■ Exercise aim: Check every line of the listing below for the word "Personalized" and give the number of lines where it appears, with nothing added.

━━━ Entries provided

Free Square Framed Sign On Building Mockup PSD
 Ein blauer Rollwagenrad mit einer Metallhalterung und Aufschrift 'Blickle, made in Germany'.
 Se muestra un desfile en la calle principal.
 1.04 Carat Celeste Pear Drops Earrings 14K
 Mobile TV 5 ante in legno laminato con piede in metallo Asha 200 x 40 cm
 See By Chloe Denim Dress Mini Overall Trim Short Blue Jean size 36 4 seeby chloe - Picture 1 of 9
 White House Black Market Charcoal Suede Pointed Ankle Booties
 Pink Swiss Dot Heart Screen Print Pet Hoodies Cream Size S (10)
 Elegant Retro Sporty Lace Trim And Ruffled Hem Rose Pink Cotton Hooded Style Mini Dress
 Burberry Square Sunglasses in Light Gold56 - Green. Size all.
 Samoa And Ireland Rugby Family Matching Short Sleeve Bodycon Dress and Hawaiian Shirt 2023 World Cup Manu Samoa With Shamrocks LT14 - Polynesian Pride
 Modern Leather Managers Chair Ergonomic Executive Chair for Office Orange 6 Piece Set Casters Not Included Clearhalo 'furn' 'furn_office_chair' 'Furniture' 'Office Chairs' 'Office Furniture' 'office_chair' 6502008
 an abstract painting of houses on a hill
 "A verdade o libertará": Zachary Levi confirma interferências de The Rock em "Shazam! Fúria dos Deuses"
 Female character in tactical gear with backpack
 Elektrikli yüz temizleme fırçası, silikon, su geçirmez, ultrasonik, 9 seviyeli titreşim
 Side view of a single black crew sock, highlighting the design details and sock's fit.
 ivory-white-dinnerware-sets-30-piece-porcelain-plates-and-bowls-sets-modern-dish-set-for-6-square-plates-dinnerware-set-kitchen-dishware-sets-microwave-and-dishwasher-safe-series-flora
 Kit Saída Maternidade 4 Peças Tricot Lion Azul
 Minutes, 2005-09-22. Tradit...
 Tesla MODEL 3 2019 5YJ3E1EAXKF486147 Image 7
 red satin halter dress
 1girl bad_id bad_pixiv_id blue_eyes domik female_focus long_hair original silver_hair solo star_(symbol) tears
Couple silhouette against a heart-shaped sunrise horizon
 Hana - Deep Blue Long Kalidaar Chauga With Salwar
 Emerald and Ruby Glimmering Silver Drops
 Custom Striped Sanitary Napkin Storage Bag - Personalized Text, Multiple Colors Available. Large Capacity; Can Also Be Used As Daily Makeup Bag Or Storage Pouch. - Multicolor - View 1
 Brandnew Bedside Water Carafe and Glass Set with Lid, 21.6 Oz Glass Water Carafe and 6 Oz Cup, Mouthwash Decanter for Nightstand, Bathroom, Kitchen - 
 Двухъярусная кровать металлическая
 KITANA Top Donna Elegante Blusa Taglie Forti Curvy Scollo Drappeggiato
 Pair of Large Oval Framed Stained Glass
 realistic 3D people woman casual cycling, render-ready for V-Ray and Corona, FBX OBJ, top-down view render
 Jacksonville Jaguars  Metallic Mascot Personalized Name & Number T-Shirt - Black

━━━━━━

■ Your response: 2